When Fox’s Tucker Carlson promoted Bongino’s then-forthcoming book attacking the Russia probe during an August 2018 interview, Trump tweeted less than an hour later highlighting the book’s title, thanking Bongino, and wishing him “good luck.”
Bongino’s rising profile as a pro-Trump Mueller foe left him in a strong position when NRATV canceled his show as it started to collapse in December of that year. By the end of the following month, he had signed a deal as a Fox contributor.
But like many other Fox personalities at the time, Bongino’s loyalty was to Trump first, not the network. As the 2020 election approached, he violated Fox’s purported standards by appearing in a Trump campaign video and also claims to have advised the then-president on his campaign strategy.
Bongino’s sycophantic support for Trump, his slashing attacks on Trump’s foes, and his willingness to baselessly question the results of the 2020 election helped build the audience for his podcast and boost his Facebook presence to new heights. It paved the way for his forthcoming radio show, which will also stream on Fox Nation, and a weekend Fox show which debuts next month.
Bongino isn’t just tapping into the existing, mature right-wing institutions. He’s trying to take advantage of the desire among Republicans for safe spaces free from anti-Trump sentiment by creating new infrastructure. He leveraged his rising media stardom to back Parler, a far-right Facebook analogue, and Rumble, which fills a similar role for video, and to create the Bongino Report, a Drudge Report knock-off which sought to take advantage of Matt Drudge’s skepticism of Trump.

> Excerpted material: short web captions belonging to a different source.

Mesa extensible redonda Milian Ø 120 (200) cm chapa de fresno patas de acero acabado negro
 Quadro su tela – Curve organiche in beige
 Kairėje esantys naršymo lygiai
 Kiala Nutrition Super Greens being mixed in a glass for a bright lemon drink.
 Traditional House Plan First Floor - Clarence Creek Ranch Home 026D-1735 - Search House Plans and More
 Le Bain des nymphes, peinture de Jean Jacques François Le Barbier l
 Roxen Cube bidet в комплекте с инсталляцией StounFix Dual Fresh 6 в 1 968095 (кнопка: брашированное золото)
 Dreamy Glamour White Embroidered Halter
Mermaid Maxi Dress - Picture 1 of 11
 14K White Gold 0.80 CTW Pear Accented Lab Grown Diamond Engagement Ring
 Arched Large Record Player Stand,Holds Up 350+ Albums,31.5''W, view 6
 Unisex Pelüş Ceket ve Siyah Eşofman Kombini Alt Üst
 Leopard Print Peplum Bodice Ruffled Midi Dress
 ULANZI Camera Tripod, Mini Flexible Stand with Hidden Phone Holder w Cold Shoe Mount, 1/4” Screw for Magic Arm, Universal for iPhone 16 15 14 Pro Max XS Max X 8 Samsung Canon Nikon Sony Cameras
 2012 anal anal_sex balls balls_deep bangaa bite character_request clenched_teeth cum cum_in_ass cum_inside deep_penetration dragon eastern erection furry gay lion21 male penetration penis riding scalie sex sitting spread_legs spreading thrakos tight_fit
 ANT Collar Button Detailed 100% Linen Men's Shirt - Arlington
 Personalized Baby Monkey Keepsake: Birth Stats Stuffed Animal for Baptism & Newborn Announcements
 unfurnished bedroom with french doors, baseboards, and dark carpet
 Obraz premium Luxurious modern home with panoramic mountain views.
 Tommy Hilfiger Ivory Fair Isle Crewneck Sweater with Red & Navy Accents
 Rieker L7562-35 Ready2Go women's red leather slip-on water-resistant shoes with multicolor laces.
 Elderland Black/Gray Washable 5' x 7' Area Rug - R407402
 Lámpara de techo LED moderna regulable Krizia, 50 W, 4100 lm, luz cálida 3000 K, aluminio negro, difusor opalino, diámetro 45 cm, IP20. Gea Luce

“Owning the libs” while standing with Trump
You can sum up Bongino’s commentary in two clips.
On his NRATV show in 2018, he declared that “my entire life right now is about owning the libs” because liberals are “pure unadulterated evil.”
And responding to the first presidential debate in September 2020, he explained to Fox's audience that Trump’s “strategy tonight was executed brilliantly” because he “is an apex predator. He's the lion king.”
What Bongino has to offer his audience is “owning the libs” and adulation for Trump. And that’s all they want right now.